寒风卷着细雪,打在脸上生疼。远处宫墙外,隐约传来战马的嘶鸣和人群的喧嚣。
“陛下,”一个中年宦官小跑着跟上来,是内常侍韩全晦——杨复恭的心腹之一,神策军右军中尉,此刻脸上堆着忧色,“李节帅使者已在门楼下等候,言辞颇为……不恭。依老奴看,不如由老奴先去安抚……”
“不恭?”李晔脚步未停,侧头看了他一眼,目光平静,“是使者不恭,还是李茂贞不恭?”
韩全晦一噎,讪讪道:“自然、自然是那使者无状……”
“那就是了,”李晔淡淡道,“既是他无状,朕为何要避?”
韩全晦还想再劝,李晔已转过回廊,前方豁然开朗。
朱雀门下,黑压压跪了一片官员。宰相杜让能、崔胤等人在前,身后是六部九卿。而在门洞之外,站着十余名身着明光铠的军士,个个腰挎横刀,神色倨傲。为首一人,是个络腮胡子的中年将领,披着黑貂大氅,手按刀柄,正斜眼打量着宫门内跪伏的百官。
见到皇帝仪仗,那将领不跪不拜,只是微微躬身,抱拳道:“末将凤翔押衙刘知俊,奉我家节帅之命,问陛下安。”
此言一出,门内百官脸色都变了。
问安?有带兵堵在宫门外问安的吗?
李晔停下脚步,站在门楼阴影下,目光落在刘知俊脸上。
刘知俊。这名字他记得。历史上,此人是李茂贞麾下悍将,骁勇善战,后来叛离凤翔,先后投靠朱温、王建,最终被王建所杀。是个反复无常的勇将,但此刻,他只是李茂贞派来示威的一条恶犬。
“刘将军,”李晔开口,声音不高,却清晰地传遍寂静的广场,“李节帅派你带兵入京,是来护卫先帝灵寝,还是来给朕……问安的?”
刘知俊愣了一下,显然没想到新君会这么直接。他挺直腰板,朗声道:“自然是来问安!只是,前些时日,长安附近有流寇作乱,末将恐惊了圣驾,故带兵护卫。再者——”

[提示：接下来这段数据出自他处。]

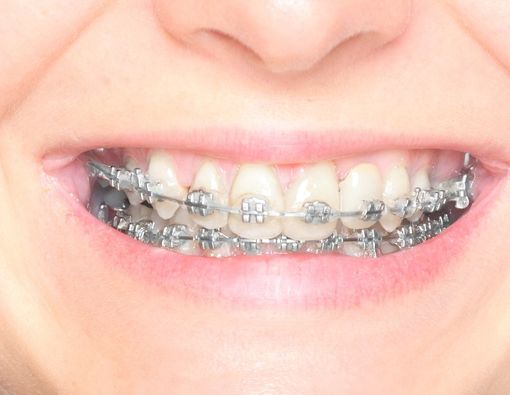 Mengenal Perawatan Orthodonti, Jenis dan Prosedurnya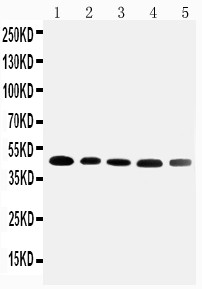 SERPINA6 / CBG Antibody - WB of SERPINA6 / CBG antibody. Lane 1: HELA Cell Lysate. Lane 2: A431 Cell Lysate. Lane 3: U87 Cell Lysate. Lane 4: 22RV1 Cell Lysate. Lane 5: PANC Cell Lysate.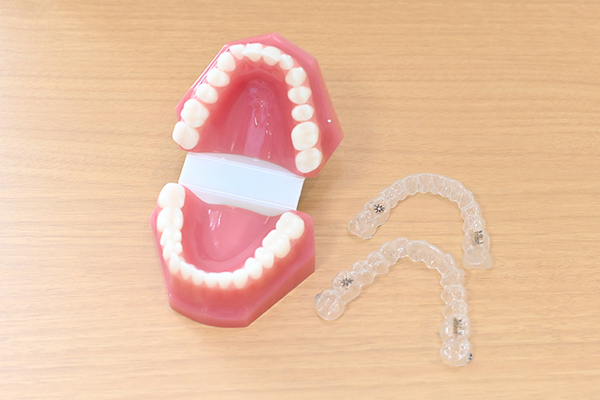 幸田歯科医院 小児でも成人でも始められる マウスピース型装置を用いた矯正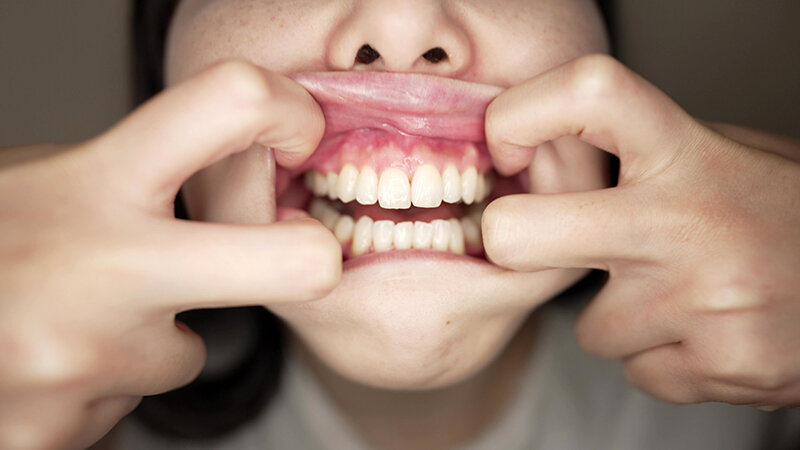 サンプル画像 11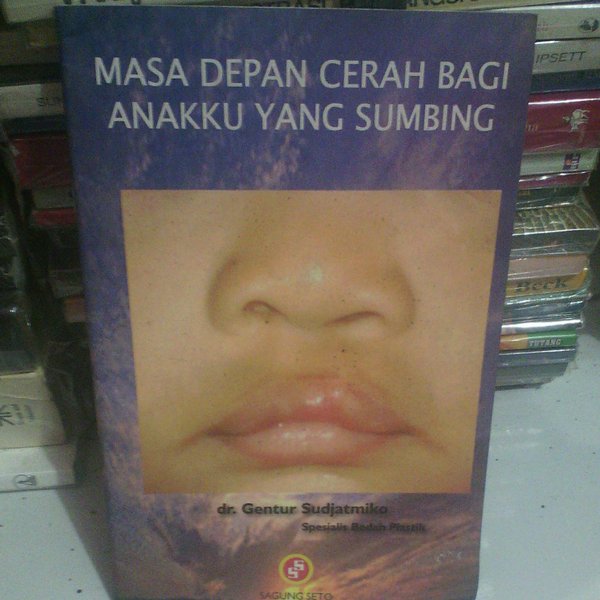 Sampul Masa Depan Cerah Bagi Anakku yang Sumbing / dr. Gentur Sudjatmiko
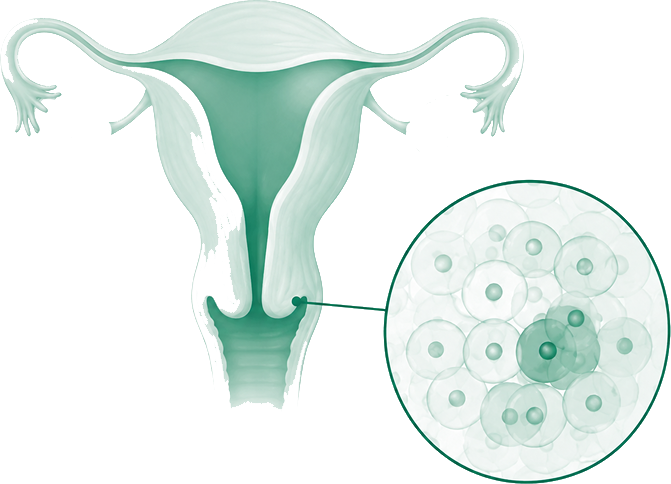 Illustration of early cervical cancer cells in the cervix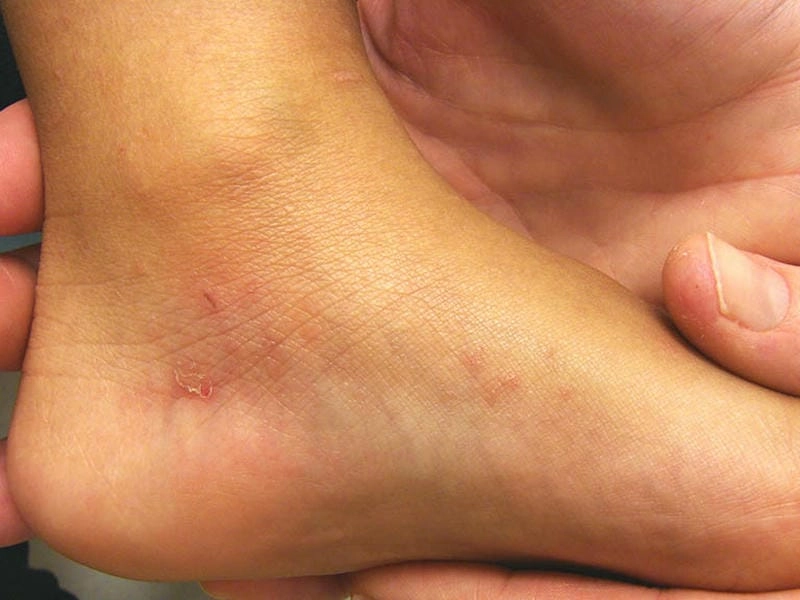 Hình ảnh của bệnh ghẻ nước giúp so sánh mức độ nghiêm trọng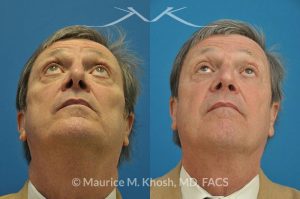 Photo of a patient before and after a procedure. Revision open approach rhinoplasty with septum cartilage graft - Previous rhinoplasty in this gentleman had caused nasal obstruction, pinched and retracted nostrils, and excess columellar show. Revision open approach rhinoplasty with septum cartilage graft allowed restoration of breathing, and creation of a natural and harmonious appearing nose.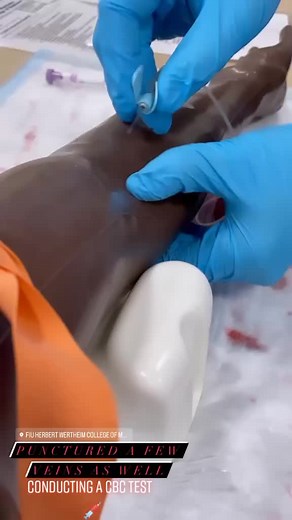 Conducting a CBC test in the lab🩺💉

他顿了顿,脸上露出几分讥诮:“我家节帅为朝廷镇守西陲,劳苦功高。可今年朝廷赐下的春衣、赏钱,却比河东李克用少了三成!节帅心中不安,特遣末将来问一句:陛下登基,莫非是要薄待功臣?”
话音落下,门内百官中响起压抑的抽气声。
这是赤裸裸的质问,是威胁!什么春衣赏钱,分明是索要更多钱粮,顺便试探新君的态度。
李晔沉默了片刻。
雪花落在他肩头,融化在黑色的衣料上,留下深色的水渍。他能感觉到身后韩全晦等人投来的目光——有担忧,有幸灾乐祸,有冷漠的旁观。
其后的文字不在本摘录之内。